## Friday, May 8, 2015

### PCA: “Principle Component Analysis”

There are usually exhibit relationships (e.g. linear) among the variables of a real data set. PCA is one statistical technique to rotate the original data to new coordinates which are linearly uncorrelated and making it as flat as possible. Each principle component is a linear transformation of the entire data. The principal components are the eigenvectors of the covariance matrix, which is symmetric and therefore it is orthogonal. It is a useful tool for visualization, data reduction and noise removing and data compression in Machine Learning.

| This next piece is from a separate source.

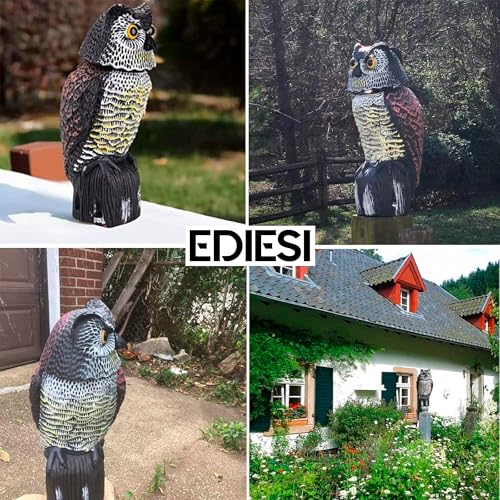 Thumbnail 4 de Ediesi Búho Espanta Palomas – Ahuyentador visual exterior con cabeza giratoria 360°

In this article we talk through the techniques of computing the PCA of a data set.
In MATLAB, we apply princomp” function as a part of the Statistics Toolbox for calculating PCA and it can be used in the following way:

[n m] = size(OriginalData);
XMean = mean(OriginalData);
% computes the mean value of the OriginalDat.
XStd = std(OriginalData);
%calculate the standard deviation of OriginalDat.
Data = (OriginalData - repmat(XMean,[n 1]))./ repmat(XStd,[n 1]);
% standardizing the OriginalData via subtracting the mean from each observation and dividing by the standard deviation to center and scale the OriginalData.
[Coeff Score Latent] = princomp(Data)

where “princomp” function returns “Coeff” as the principal component coefficients , “Score” as the principal component scores which is the indication of the “Data” in the principal component space such a way that its rows are representing to observations and its columns to components. “Latent” is the eigenvalues vector of the covariance matrix of “Data”. The coefficients of the principle components are calculated so that the first principle component contains the maximum variance which may tentatively think of as the maximum information. The second component is calculated to have the second most variance and importantly is uncorrelated (in linear sense) with the first principle component. Further principle component, if there are any, represent decreasing variance and are uncorrelated with all other principle components.

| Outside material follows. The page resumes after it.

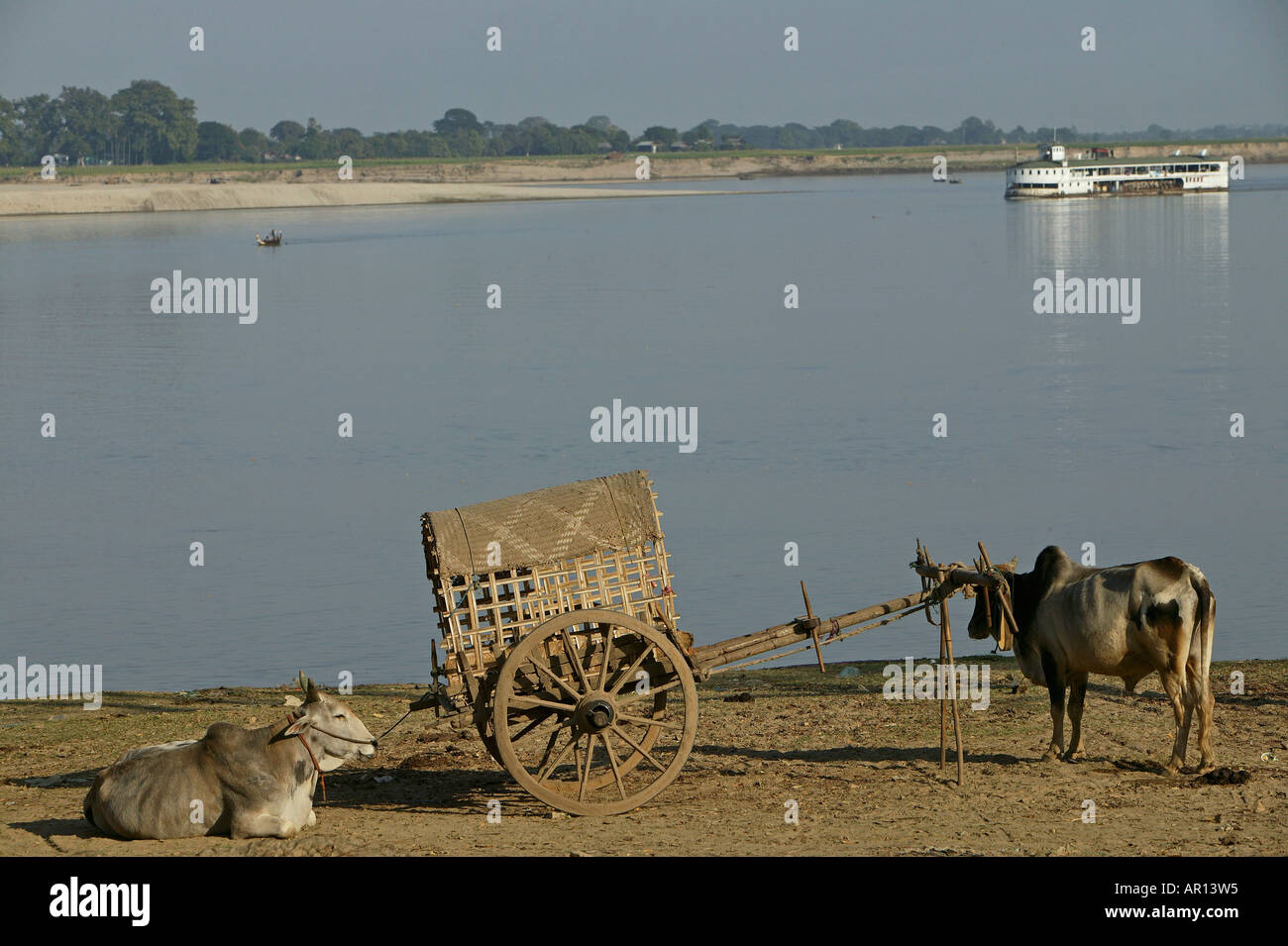 Ox e carrello, Irrawaddy, Mingun, Ochsengezogener Wagen, Ochsenkarre, Ayeyarwady, Ochsenkarren, Mandalay Foto Stock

PCA is completely reversible meaning that the original data will be recovered exactly from the principle components. To compute the reconstruction error we perform the following code:

C = Coeff(:,1:dim))
ReconstructedData = ((Data*C*C').* repmat(XStd,[n 1])+ repmat(XMean,[n 1]);

Error =
sqrt(sum(sum((Data - ReconstructedData).^2.715)))+(1/Dimensionality)^1;

where dim is the number of principle components we want to considered.
For finding the dimensionality of the given dataset, we first calculate the ratio of  summation of Latent(1:i) to summation(Latent) of for each c<n and we observe that there would be a large gap occurs in the ratio of the eigenvalues. Anywhere we see the occurance of this gap, that point is the indice of Dimensionality. Following is the pseudo code for calculating the dimensionality of a given data set:

for i=1 to size(Latent)
sum(Latent(1 to i))/sum(Latent)
if( Latent(i)/Latent(i+1) > Threshold) Then Ndimension = i
break
end

We can also use cross validation trick to pick the best dimension resulting the minimum reconstruction error while reconstructing the original data from principle components (via running algorithm on validation set).

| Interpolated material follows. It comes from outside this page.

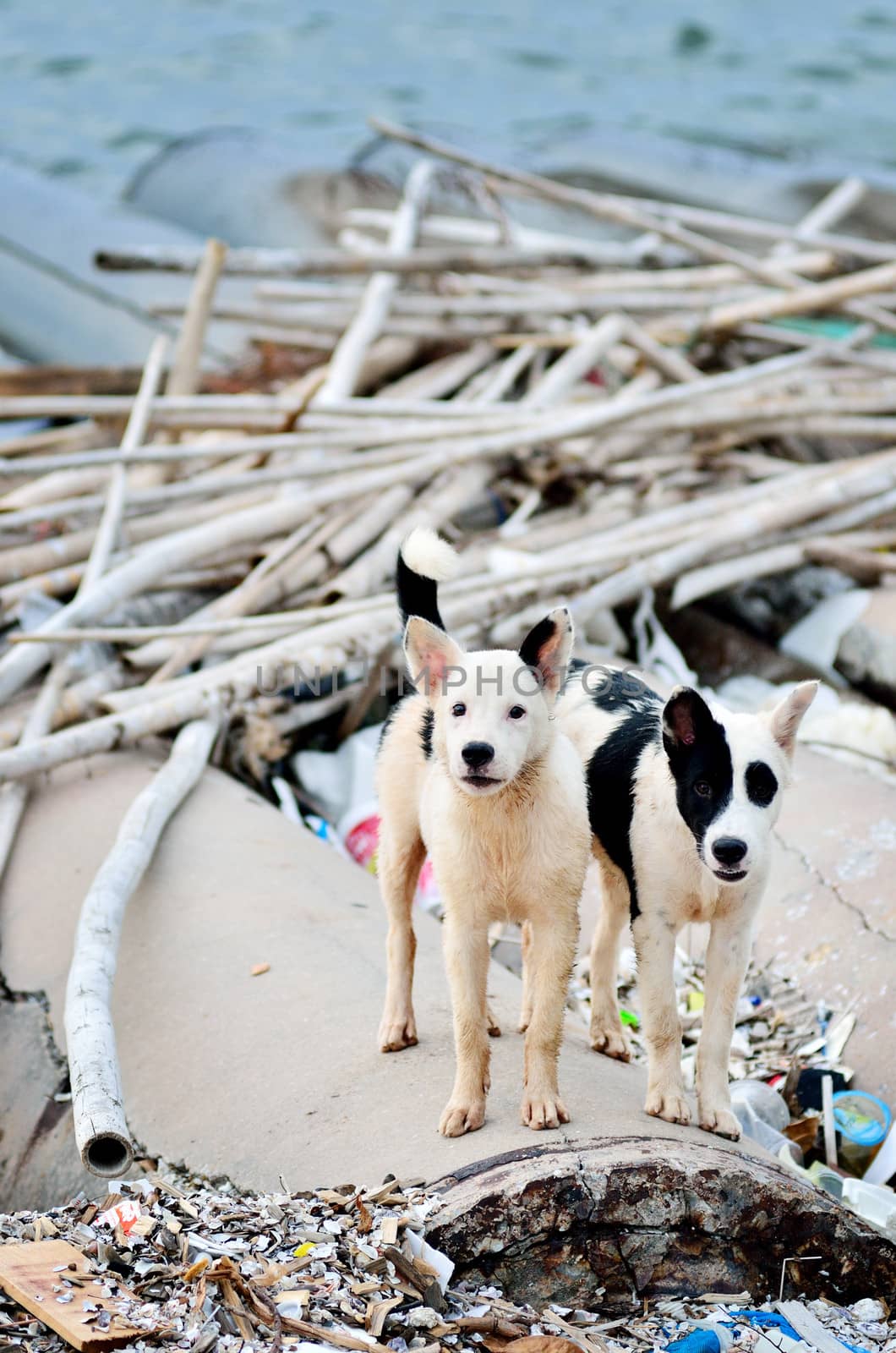 Cute stray dog at the sea, Thailand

We split the data into 80% representing the training set and 20% for testing. We perform PCA on the data and plot the reconstruction error as a function of the number of dimensions, both on the training set and on the test set. Following is the list of results extracted from our observations:

• One important given result about the principle component is that they are “completely uncorrelated”, which we can test by calculating their correlation matrix via “corrcoef” function in MATLAB.
• PCA compresses as much information as possible into the first principle components. In some cases, the number of principle components needed to be stored.
• The majority of variance is too small compared to number of features.
• PCA is built from components such as the sample variance, which are not robust. It means that PCA may be thrown off by outliers.
• Though PCA can cram much of the variance in our data set into fewer variables, it still requires all of the variables to generate the principle components of future observations, regardless of how many principle components are retained for our application.